(Excerpts from a dataset)
______

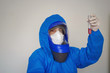 A man in a blue protective suit holds a test tube in his hands. The concept of open vaccines against coronavirus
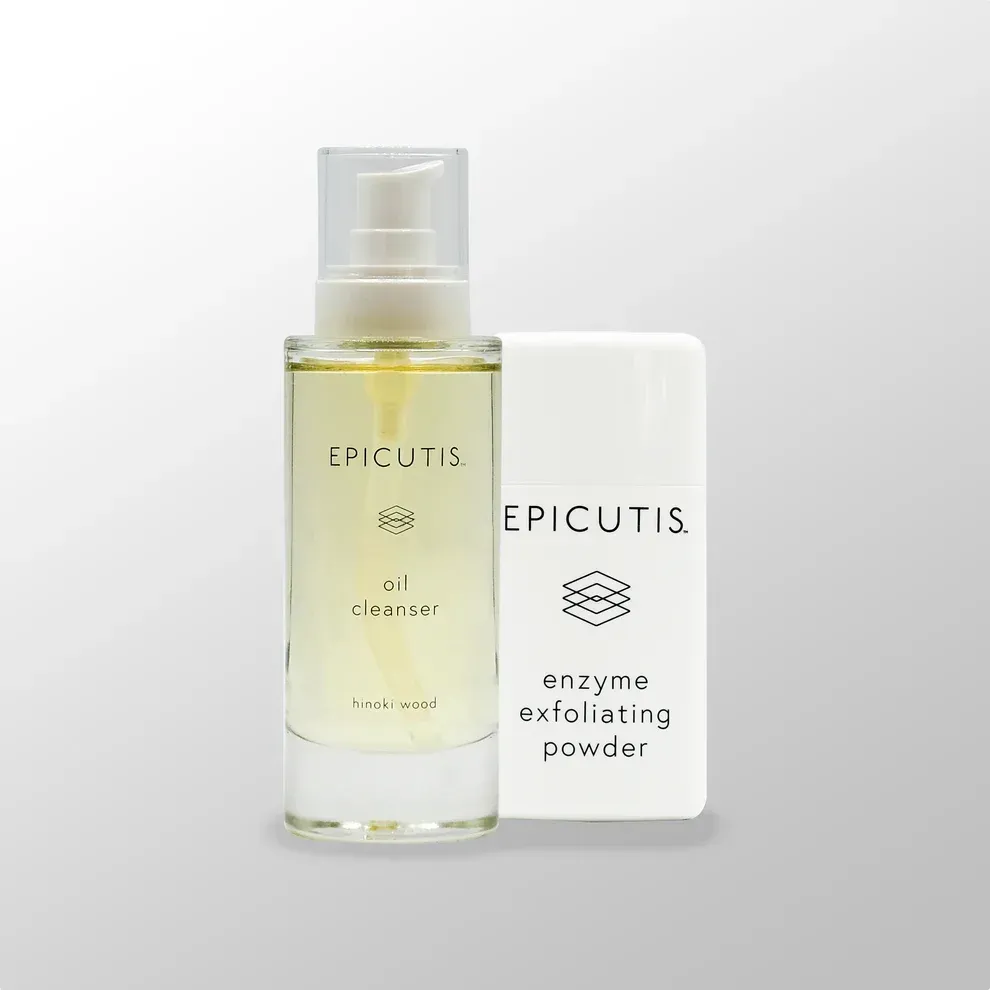 A bottle of epicutis oil cleanser and an enzyme exfoliating powder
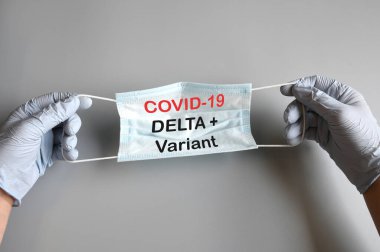 Mavi antiviral maskeli mavi eldivenli doktorun elleri ve Covid-19 Delta + Variant mesajı. COVID-19 Delta Varyant türü koruma kavramı.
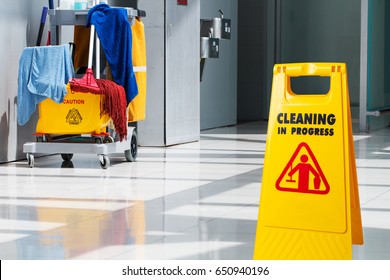 The Warning Signs Cleaning In Process The Floor Of The Building And Janitorial Car Parked In Back To Prevent Corona Virus Covid-19 Infection.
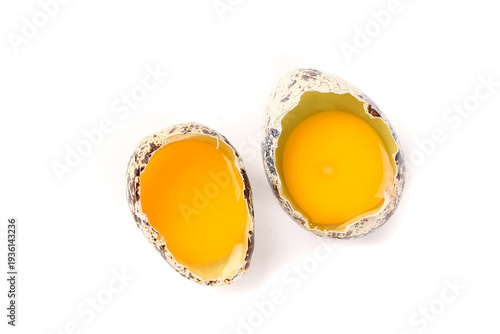 Fresh Cracked Quail Eggs with Bright Orange Yolks - High Protein Farm Food Ingredient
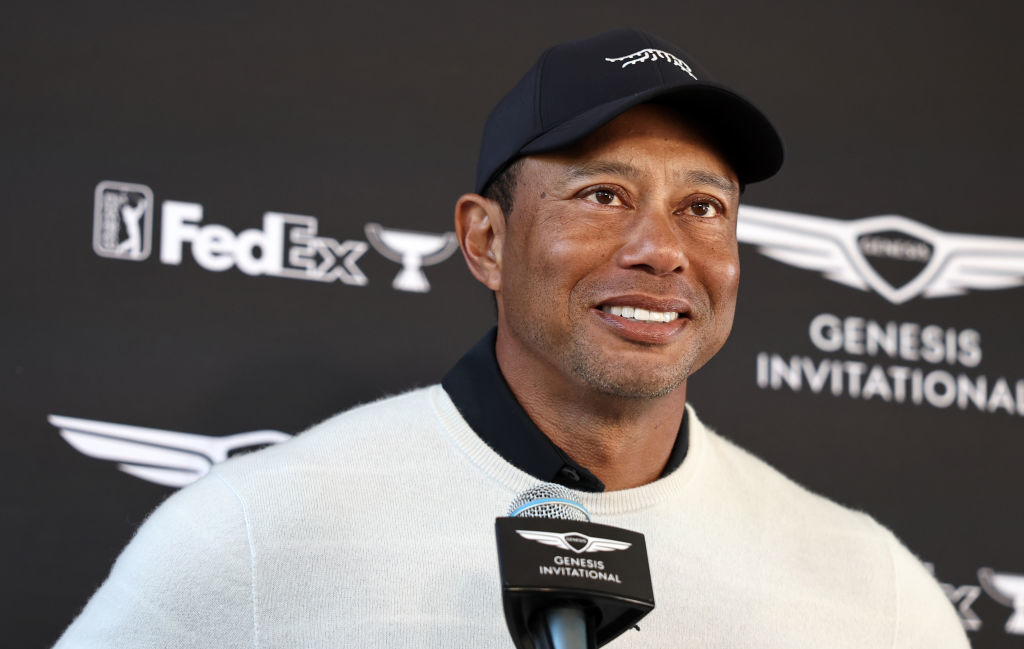 Tiger Woods smiling at Genesis Invitational, wearing a cap and sports jacket, with logos in background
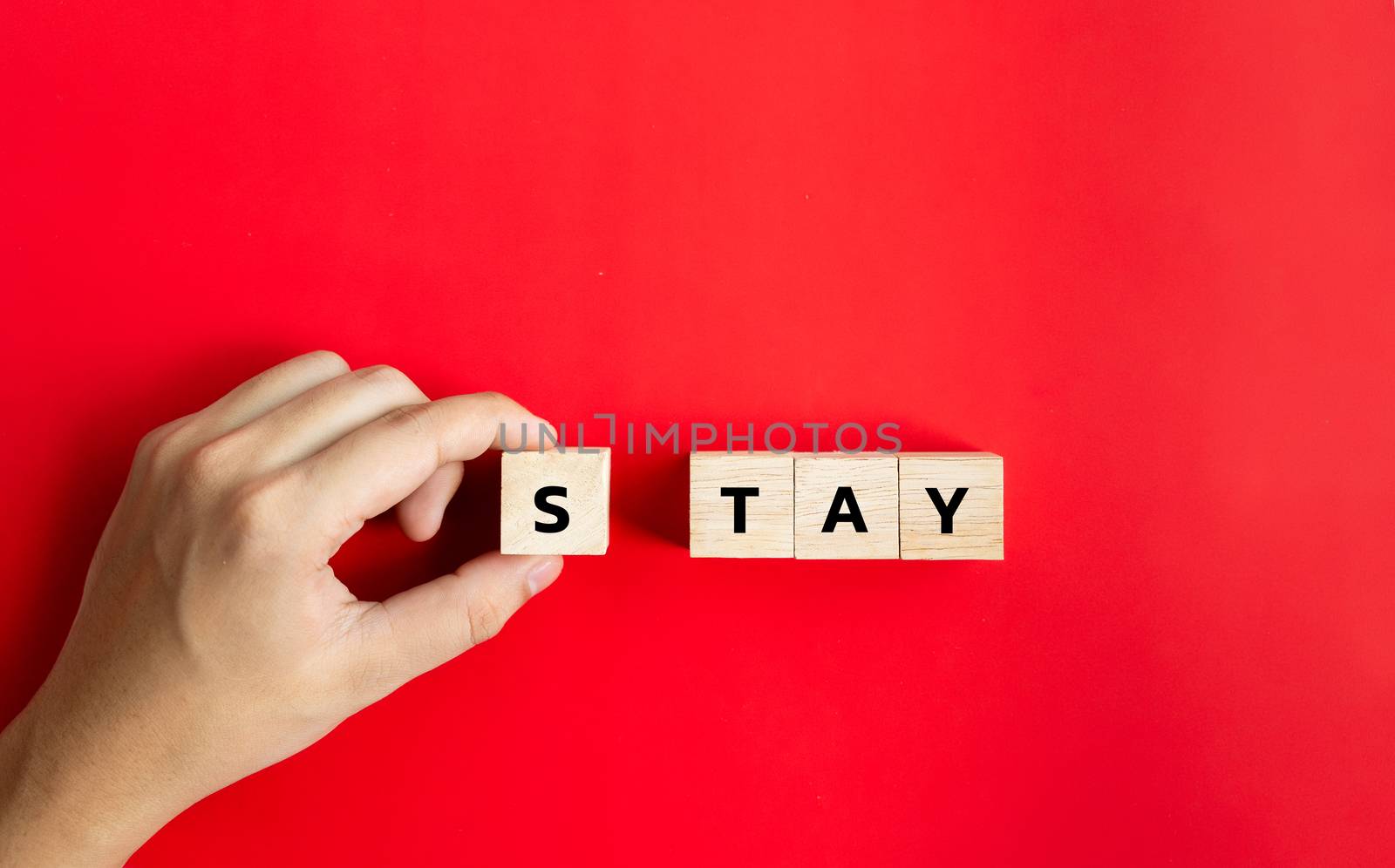 Hand hold on to the wood cube and text the word "Stay" In the concept, stay at home to stop the spread. During the corona virus outbreak or COVID-19 on red background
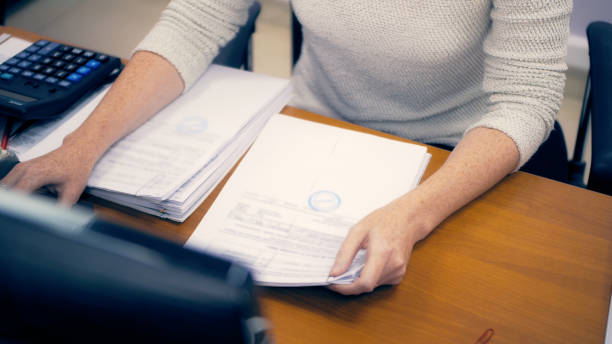 mujer en el cargo trabajando con documentos. informe trimestral - empleado de archivo fotografías e imágenes de stock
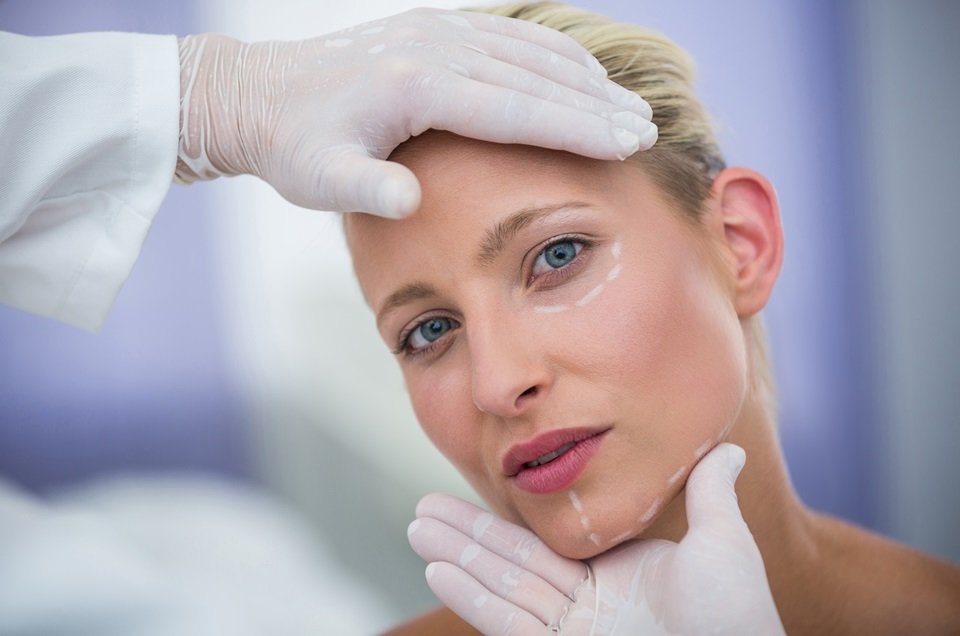 Close-up of doctor examining female patients face for cosmetic treatment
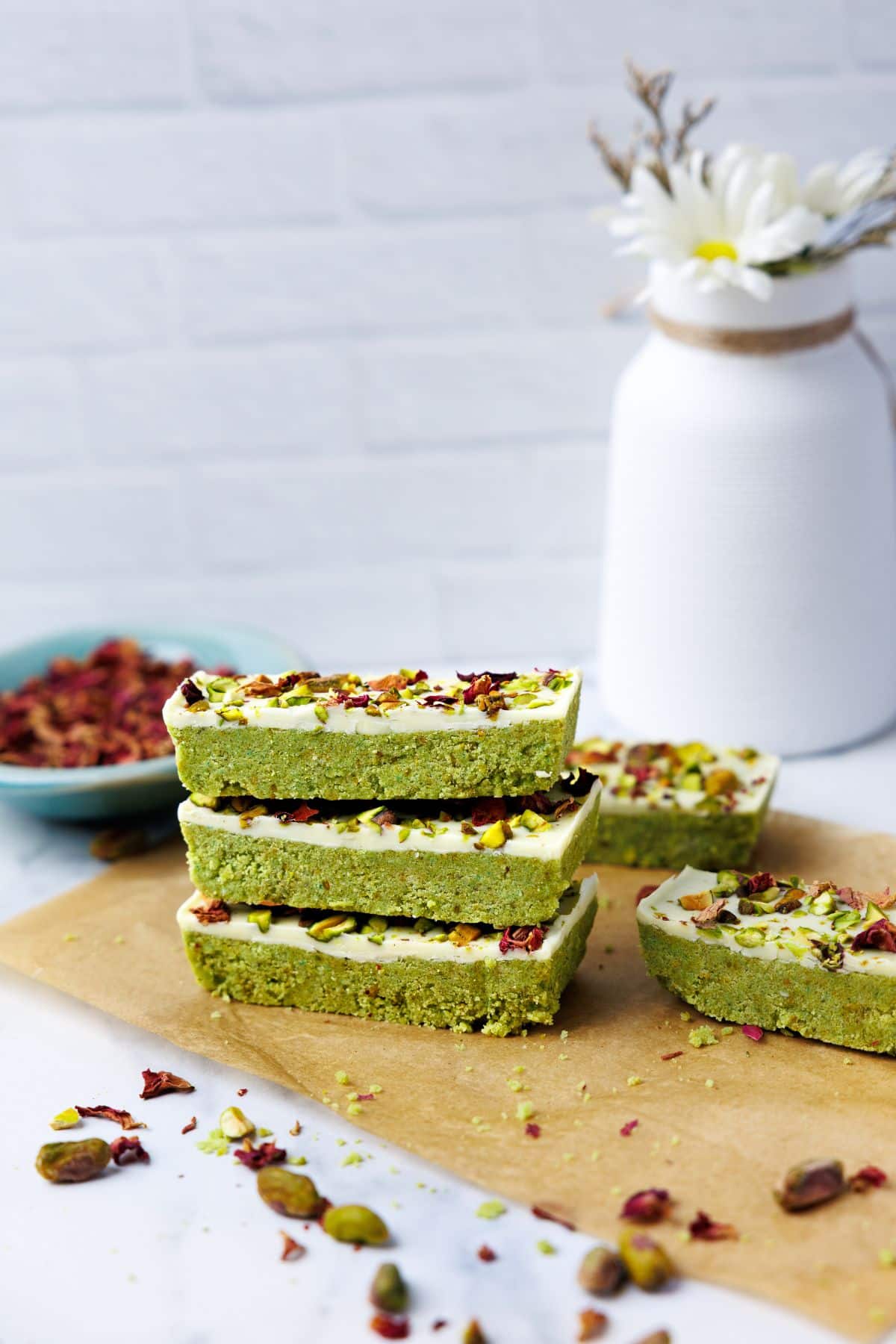 Stack of three pistachio protein bars on parchment paper with white ceramic vase and daisies in soft-focused background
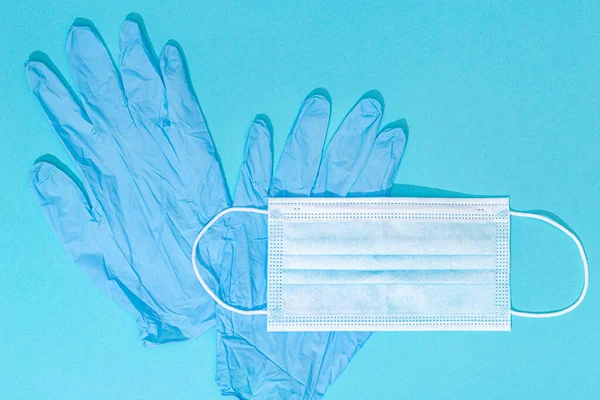 Medical face mask and protective gloves isolated on blue background. Coronavirus COVID-19 protection concept. Copy space. Top view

______

Beginning with the line that has "Hand hold on", repeat each remaining line of the data above word for word, keeping pictures out.

[Answer to this task]
 Hand hold on to the wood cube and text the word "Stay" In the concept, stay at home to stop the spread. During the corona virus outbreak or COVID-19 on red background
 mujer en el cargo trabajando con documentos. informe trimestral - empleado de archivo fotografías e imágenes de stock
 Close-up of doctor examining female patients face for cosmetic treatment
 Stack of three pistachio protein bars on parchment paper with white ceramic vase and daisies in soft-focused background
 Medical face mask and protective gloves isolated on blue background. Coronavirus COVID-19 protection concept. Copy space. Top view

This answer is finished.